[Start of Attachment]

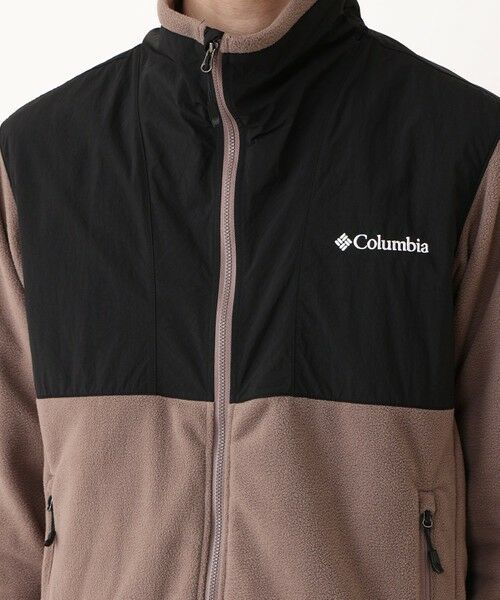 Columbia / コロンビア その他アウター | Columbia/ ライトキャニオンフリースジャケット /コロンビア | 詳細9
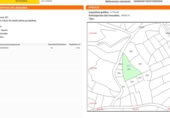 Parcel·la urbanitzable en venda a la , Santa Cruz de Marchena, ref.: TR408143 foto
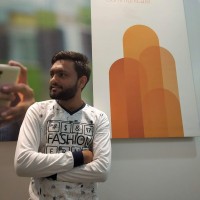 CrossRealms, Intl. Employee Vatsal Jagani's profile photo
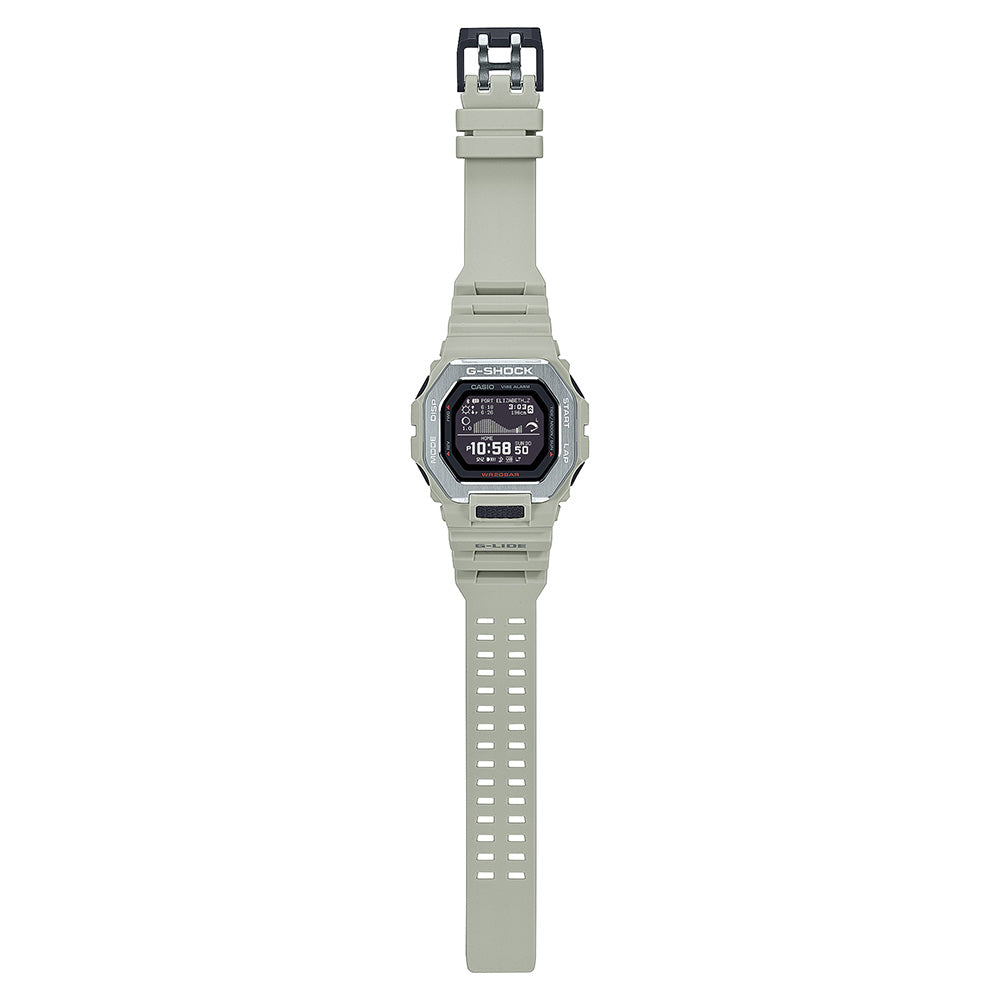 G-Shock G-Lide Bluetooth GBX100-8D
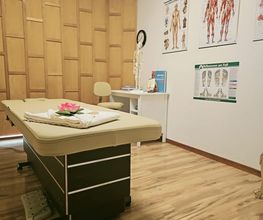 Fahsai Thai-Massage Bild 6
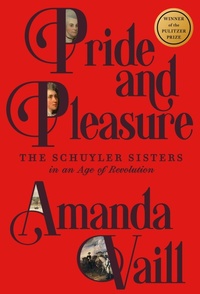 Enlarge image Cover: Pride and Pleasure - Farrar, Straus and Giroux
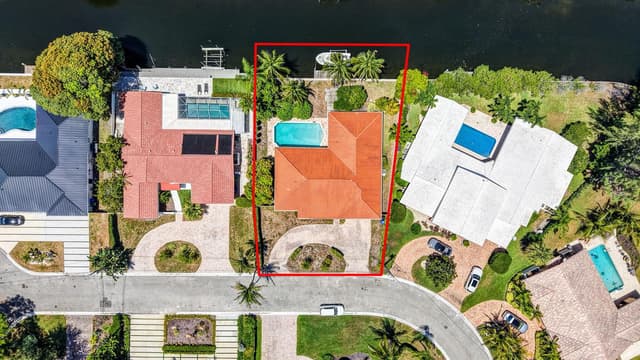 5581 NE 28TH Avenue, Fort Lauderdale FL 33308 - Fort Lauderdale, FL - Photo 4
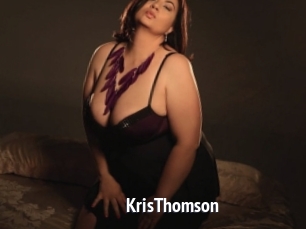 KrisThomson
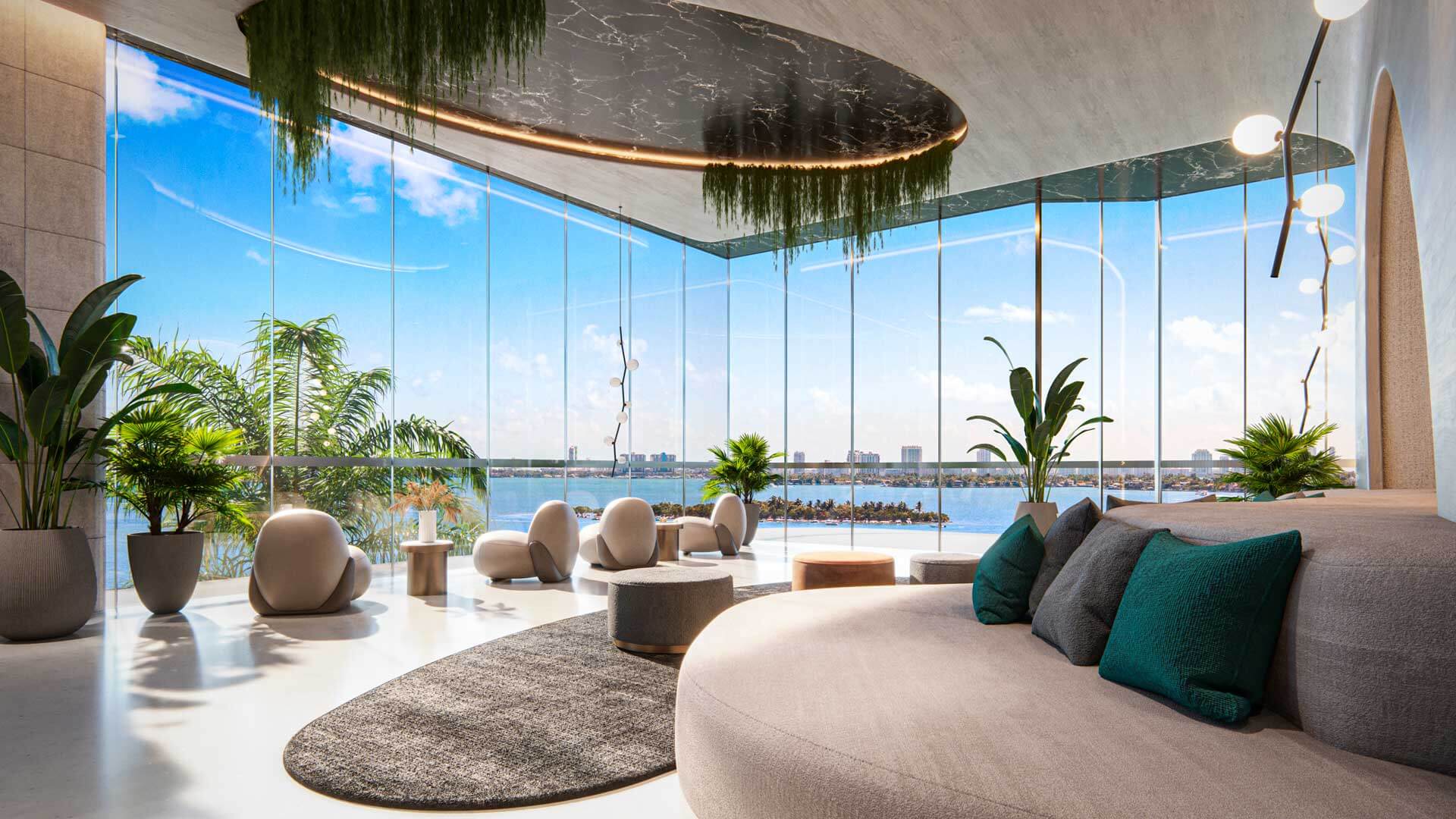 Venta Apartamento Aria Reserve Miami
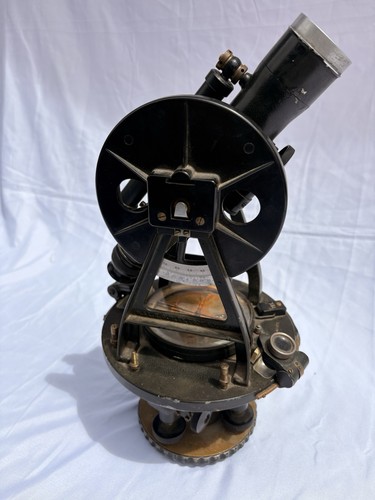 Vintage e gurley - w.,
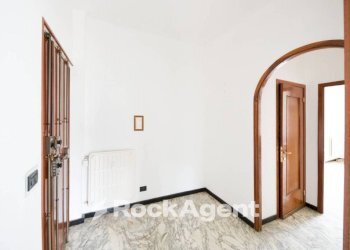 Two-room apartment via Monte Oliveto, 25, Genova (neighborhood Pegli) - photo 3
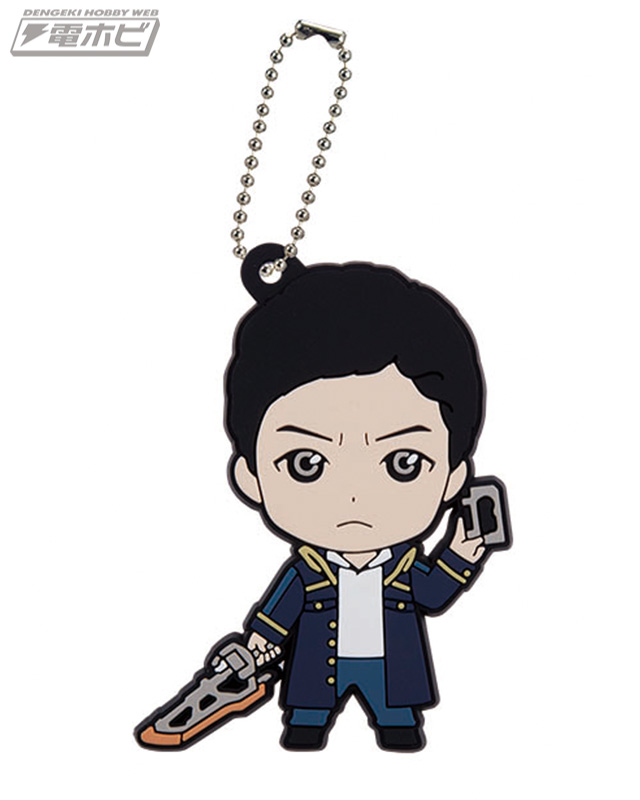 仮面ライダーセイバー』ラバーマスコットの第2弾は全14種の充実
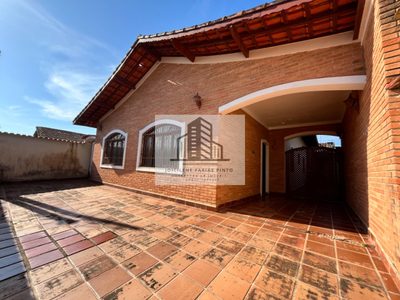 Casa, 3 quartos, 153 m² - Foto 2
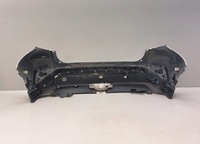 фото thumb №10, 52159f4907 52453f4130 бампер задній toyota c-hr i ax10, ax50 2016-2023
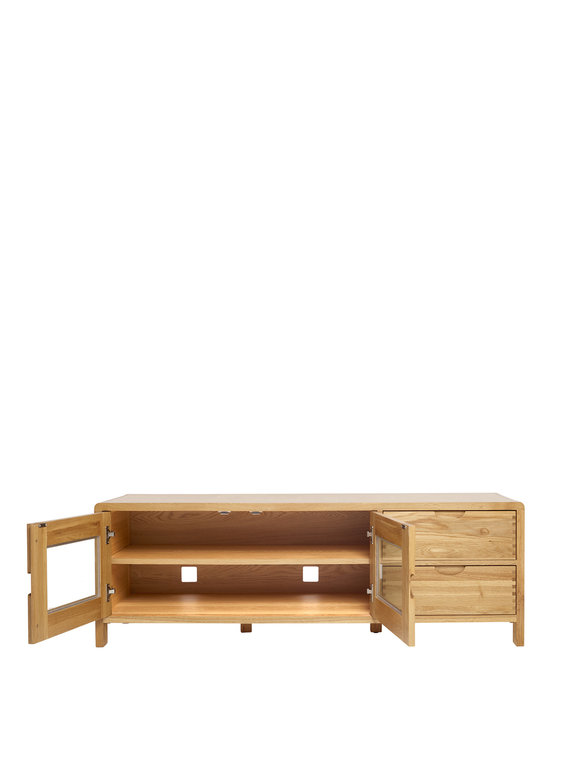 Image of Bosco Dining Wide Tv Unit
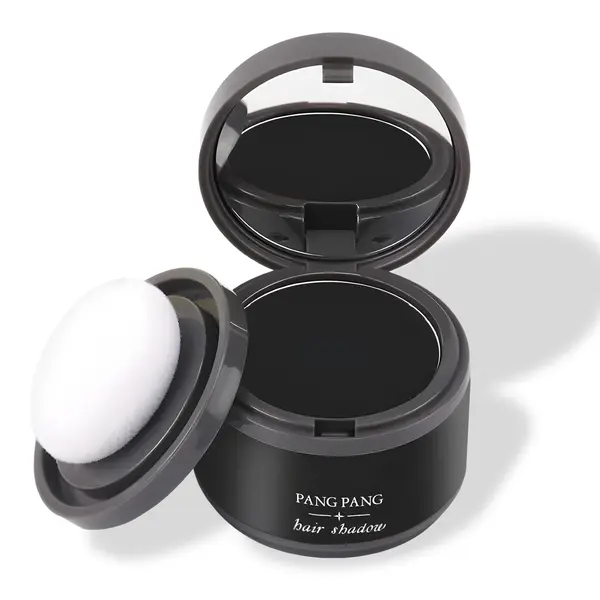 QIUFSSE Hair Root Touch Up Color Powder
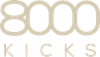 8000 KICKS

[End of Attachment]

### What you should do
The task requires that every line above be transcribed exactly, without the images.

### Solution to the problem
 Columbia / コロンビア その他アウター | Columbia/ ライトキャニオンフリースジャケット /コロンビア | 詳細9
 Parcel·la urbanitzable en venda a la , Santa Cruz de Marchena, ref.: TR408143 foto
 CrossRealms, Intl. Employee Vatsal Jagani's profile photo
 G-Shock G-Lide Bluetooth GBX100-8D
 Fahsai Thai-Massage Bild 6
 Enlarge image Cover: Pride and Pleasure - Farrar, Straus and Giroux
 5581 NE 28TH Avenue, Fort Lauderdale FL 33308 - Fort Lauderdale, FL - Photo 4
 KrisThomson
 Venta Apartamento Aria Reserve Miami
 Vintage e gurley - w.,
 Two-room apartment via Monte Oliveto, 25, Genova (neighborhood Pegli) - photo 3
 仮面ライダーセイバー』ラバーマスコットの第2弾は全14種の充実
 Casa, 3 quartos, 153 m² - Foto 2
 фото thumb №10, 52159f4907 52453f4130 бампер задній toyota c-hr i ax10, ax50 2016-2023
 Image of Bosco Dining Wide Tv Unit
 QIUFSSE Hair Root Touch Up Color Powder
 8000 KICKS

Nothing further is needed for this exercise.